- Location: Eastern Cape, South Africa
- Nearest city: East London, South Africa
- Coordinates: 32°50′16.27″S 28°4′46.31″E﻿ / ﻿32.8378528°S 28.0795306°E

= Inkwenkwezi Private Game Reserve =

Inkwenkwezi Private Game Reserve, is located approximately 30 km north-east of East London, and is situated within an area of 4500 hectares encompassing five different biomes in the Wild Coast region of South Africa's Eastern Cape province. It is home to four of the Big Five game; namely lion, buffalo, leopard and rhinoceros; as well as giraffe, zebra, a variety of antelope, and many other smaller species.

== Background ==

Inkwenkwezi, which translates from Xhosa to mean "under the stars", grew out of a dream of the Mthatha-born Stanton brothers, Graham and Keith. Graham Stanton purchased the first of several properties in the Chintsa valley area which were eventually combined to form Inkwenkwezi, in 1983.

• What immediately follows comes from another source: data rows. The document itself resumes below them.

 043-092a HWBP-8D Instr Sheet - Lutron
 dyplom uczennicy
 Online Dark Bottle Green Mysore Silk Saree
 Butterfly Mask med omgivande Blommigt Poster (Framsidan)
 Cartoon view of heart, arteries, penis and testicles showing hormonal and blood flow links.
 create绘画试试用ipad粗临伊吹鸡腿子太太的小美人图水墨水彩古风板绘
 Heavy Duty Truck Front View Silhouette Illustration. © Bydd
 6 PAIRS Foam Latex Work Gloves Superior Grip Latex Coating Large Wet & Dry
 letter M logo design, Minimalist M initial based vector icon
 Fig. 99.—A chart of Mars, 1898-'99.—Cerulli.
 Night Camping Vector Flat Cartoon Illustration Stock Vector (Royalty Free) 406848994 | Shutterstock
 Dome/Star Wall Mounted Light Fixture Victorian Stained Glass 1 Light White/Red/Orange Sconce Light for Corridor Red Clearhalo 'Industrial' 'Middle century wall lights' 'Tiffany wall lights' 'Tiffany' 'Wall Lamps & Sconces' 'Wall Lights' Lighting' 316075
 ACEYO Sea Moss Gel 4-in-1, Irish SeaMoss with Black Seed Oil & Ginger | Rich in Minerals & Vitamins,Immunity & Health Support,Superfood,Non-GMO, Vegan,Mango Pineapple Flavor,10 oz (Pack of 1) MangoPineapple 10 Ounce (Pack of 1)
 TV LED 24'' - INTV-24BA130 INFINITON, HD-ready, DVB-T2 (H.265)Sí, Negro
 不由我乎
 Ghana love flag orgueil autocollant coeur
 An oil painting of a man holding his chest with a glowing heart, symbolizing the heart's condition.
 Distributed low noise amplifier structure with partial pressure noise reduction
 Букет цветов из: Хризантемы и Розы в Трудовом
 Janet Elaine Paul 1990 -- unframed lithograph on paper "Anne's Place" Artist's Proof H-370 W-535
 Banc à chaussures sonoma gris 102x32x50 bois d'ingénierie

In addition to wildlife, the Game Reserve hosts events, including weddings. In 2019, the reserve hosted the South African Majorettes and Cheerleading National Championships.

== Wildlife ==
Inkwenkwezi is home to several lions most of which are extremely rare white lions. One of the tawny females carries 50% of the white gene and has had both brown and white litters.

In 2017, five suspected poachers were caught at the reserve.

In 2019, the reserve received criticism when they transferred two elephants from the reserve to the Johannesburg Zoo.